In advocating for a public health approach to this issue, she points to the increased recognition of anti-Black racism in the North American context. Canada is developing a Black Justice Strategy to respond to the systemic discrimination that has led to the overrepresentation of Black people in the criminal justice system, including as victims of crime, while the U.S. Surgeon General recently declared gun violence a national public health crisis, noting the disproportionate impact of this violence on Black Americans.

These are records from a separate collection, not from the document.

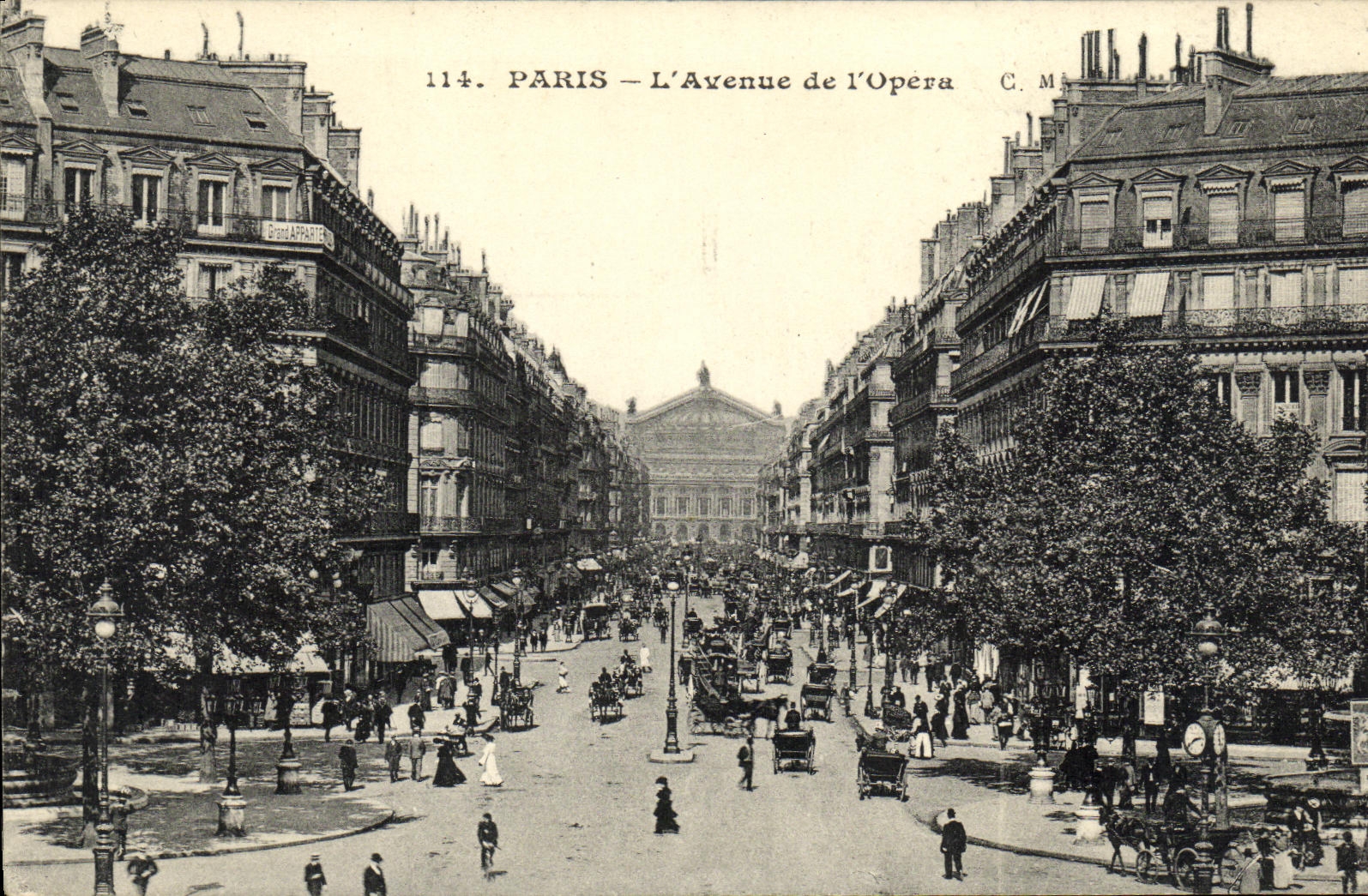 CPA Paris L Avenue de l Opera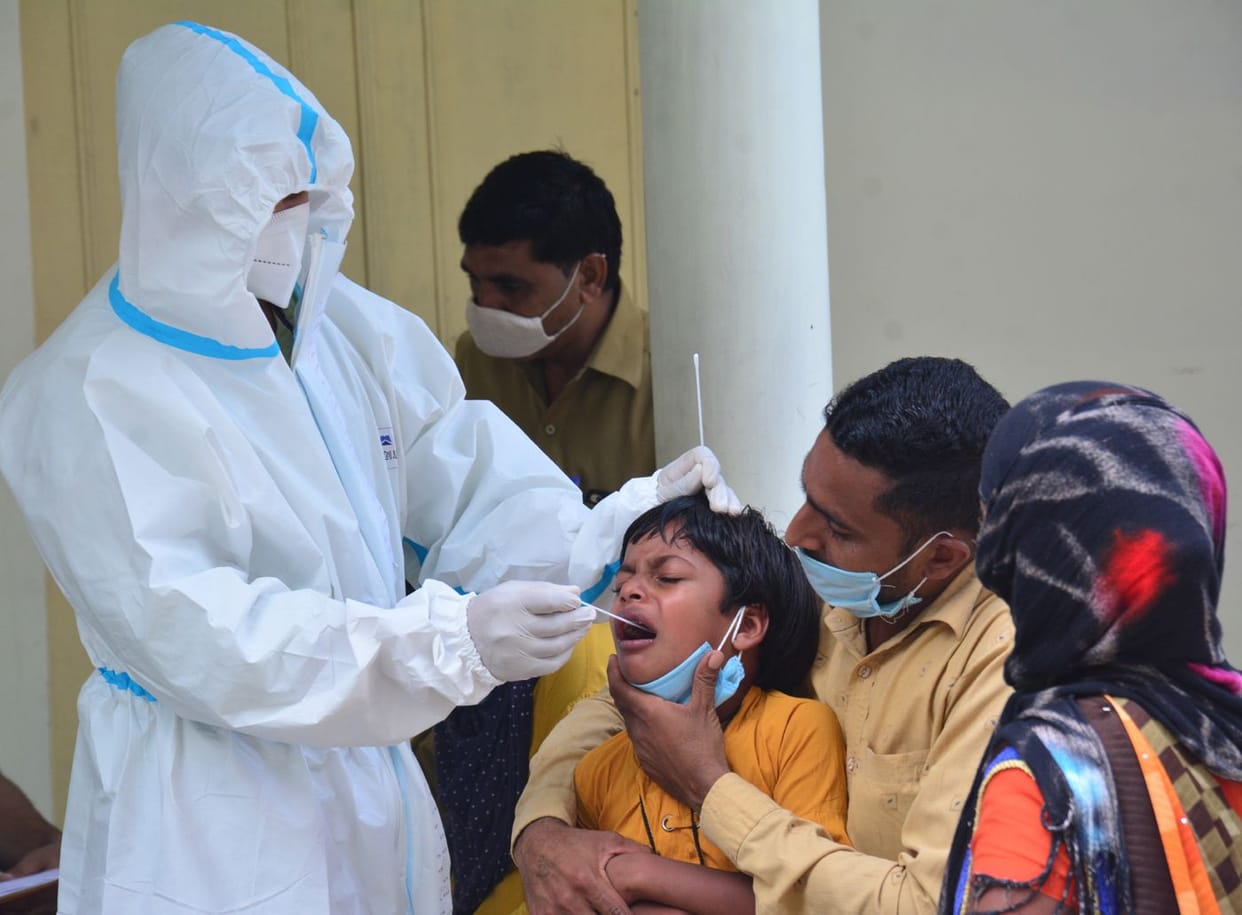 107 people, including 21 captives found infected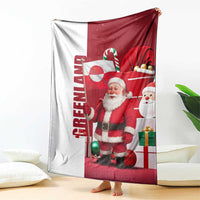 Greenland Santa Christmas Blanket Nordic Holiday Pride Design - Wonder Print Shop
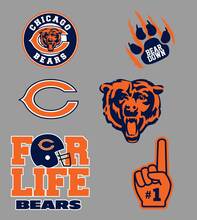 Chicago Bears equipo de fútbol americano profesional Liga Nacional de Fútbol (NFL) fan wall vehículo notebook etc calcomanías pegatinas 2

Sharpe is an advisory committee member of the U.S.-based Black & Brown Collective, a group of multidisciplinary researchers working to improve the efficacy of research, policy and practice that addresses safety and wellbeing in communities directly affected by violence.

Key Statistics:

Twenty-five studies across the Organization for Economic Corporation and Development (OECD) and non-OECD countries revealed that roughly half of individuals bereaved due to homicide met the diagnostic criteria for prolonged homicide grief disorder.

It is estimated that every homicide victim has at least 7 to 10 surviving family

members or friends grieving their deaths. These numbers suggest that worldwide, in 2021, there were 4.58 million surviving family members and friends grieving the murder of 464,000 homicide victims – numbers that are expected to continue increasing into 2030.

Research suggests that every Black American will experience the homicide of a loved one at least two times in their lifetime.

In 2020–2021, homicide rates were eight times higher for Black American males and four times higher for Black American females than their white counterparts.

Although Black Americans make up roughly 14% of the U.S. population, they account for more than half of gun homicide victims.

In Canada, Black populations comprise only 4.3% of the Canadian population and yet the rate of homicide victims who identify as Black is four times higher than the rate for non-racialized people.

The homicide victim rate is nearly 10 times higher for Black males in Toronto than for the whole Toronto population.